Rubyfruit Jungle by Rita Mae Brown

Length : 216 Pages

Rating : 7.5/10

Similar Books : Annie on My Mind by Nancy Garden

Rubyfruit Jungle is a powerful coming of age novel published in 1973 that was remarkable, even revolutionary in its day for its explicit portrayal of LGBT themes. Reviews are particularly mixed. It received much criticism at the time of publishing for Brown’s raunchy, sometimes profane writing and her frank portrayal of human sexuality that challenged antiquated beliefs of purity. However, it also received much flack in much more recent times for the absence of dynamic characters and certain scenes that didn’t age particularly well (like incest). To elaborate, it is obvious that the protagonist, Molly, is a thinly veiled autobiographical character. There is nothing inherently flawed with this, but Molly has almost 0 character development throughout the story, with her “I’m smarter, better, and more enlightened than everyone” attitude constantly present throughout. There is nothing human or realistic about her.  However, this is not to say that Rubyfruit Jungle was not a powerful, even symbolic book for many, and at the end of the day it’s important to note that this book was written in a completely different time. I appreciated the revolutionary nature of this book, but sometimes that in itself is simply not enough.


Where the Crawdad’s Sing by Delia Owens

Length : 368 Pages

Rating : 6.5/10

When I first started reading this book, I was immensely enthralled by the almost poetic imagery in the introduction. (This was explained when I later found out that Owens used to be a nature writer). However, as the book progressed, it developed a YA-esque feel. Also, I definitely did not realize that this book focuses on romance, which I personally don’t particularly like. As the story progressed, this romance arc gradually became more and more trite. While I enjoyed Owen’s writing, I did not appreciate the plot. Recommended if you like romances and predictable murder mysteries.


Gilead by Marilynne Robinson

Length : 247 pages

Rating : 8.5/10

Similar Books : The Diary of a Country Priest by George Bernanos

Narrated by John Ames, a 76-year old pastor facing imminent death, Gilead is a letter to his 7 year old son, the fruit of his marriage with a much younger woman. It is set in 1956 in the small fictional town of Gilead, Iowa, and is written in the form of a diary, with long and short entries, moral advice, and anecdotal stories from his past. It won the pulitzer prize for fiction in 2005 and can be characterized by Robinson’s serene, enchanting prose. Throughout the novel, Ames describes his earliest memories of the generations before him, exploring his theological struggles on multiple fronts. While it starts off slow, Ames’ character is intriguing and one cannot help but be drawn in.

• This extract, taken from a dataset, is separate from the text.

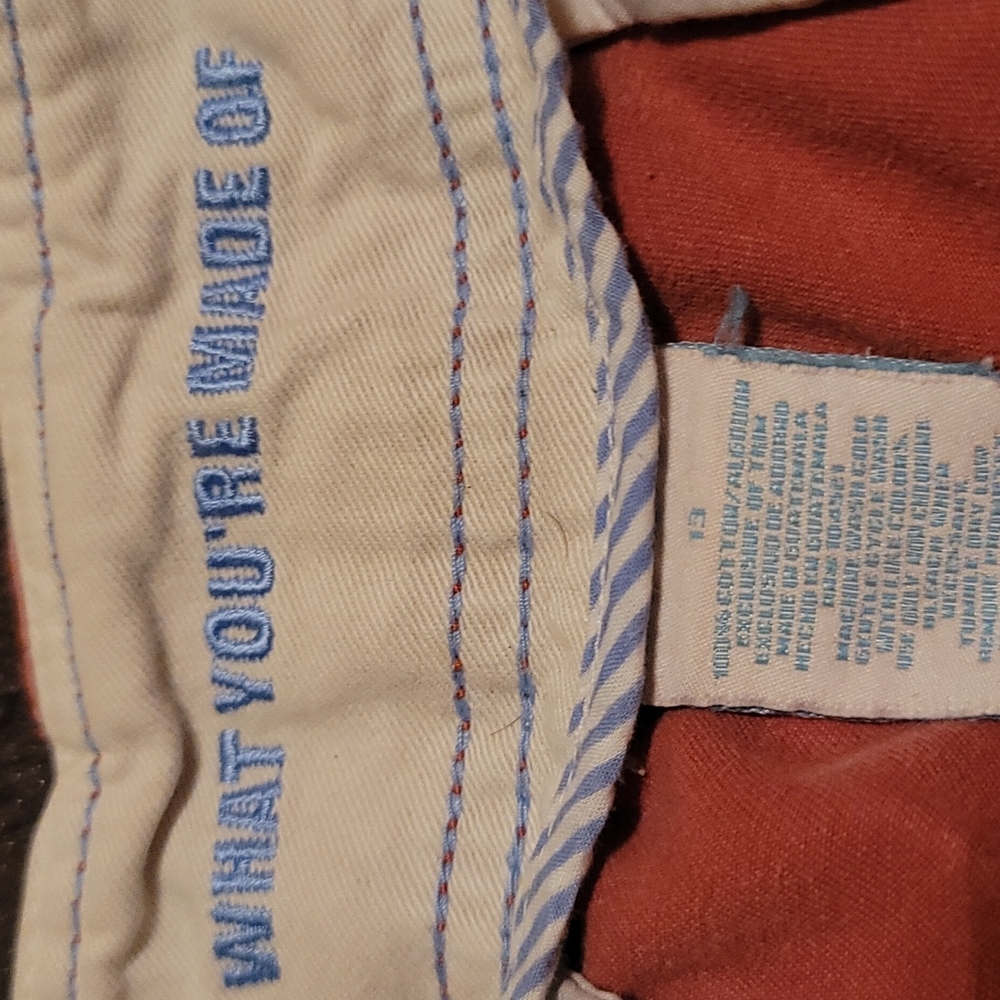 What You're Made Of Shorts - Picture 6 of 6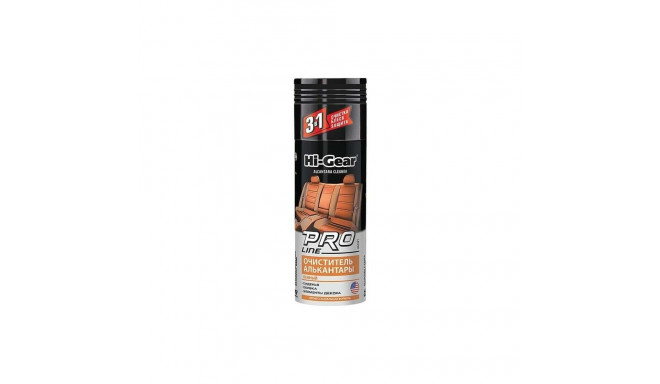 ALCANTARA CLEANER PROFESSIONAL LINE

A Long Way Gone : Memoirs of a Boy Soldier by Ishmael Bael

Length : 229 Pages

Rating : 7.5/10

Straightforward and horrifyingly graphic, Bael narrates his involvement as a child soldier fighting rebels in the Sierra Leone Civil War. This book was a rather difficult read due to the nature of its content, and while the subject matter remains heartbreaking, the book itself was rather lacking. From an almost complete lack of context in the beginning to key moments being skimmed over and its vague ending, it constantly leaves more to be desired. It’s only redeeming point lies in its blunt portrayal of the realities faced by civilians in similarly war-torn countries, so I would still recommend this book to anyone looking to gain insight on the real cost of war.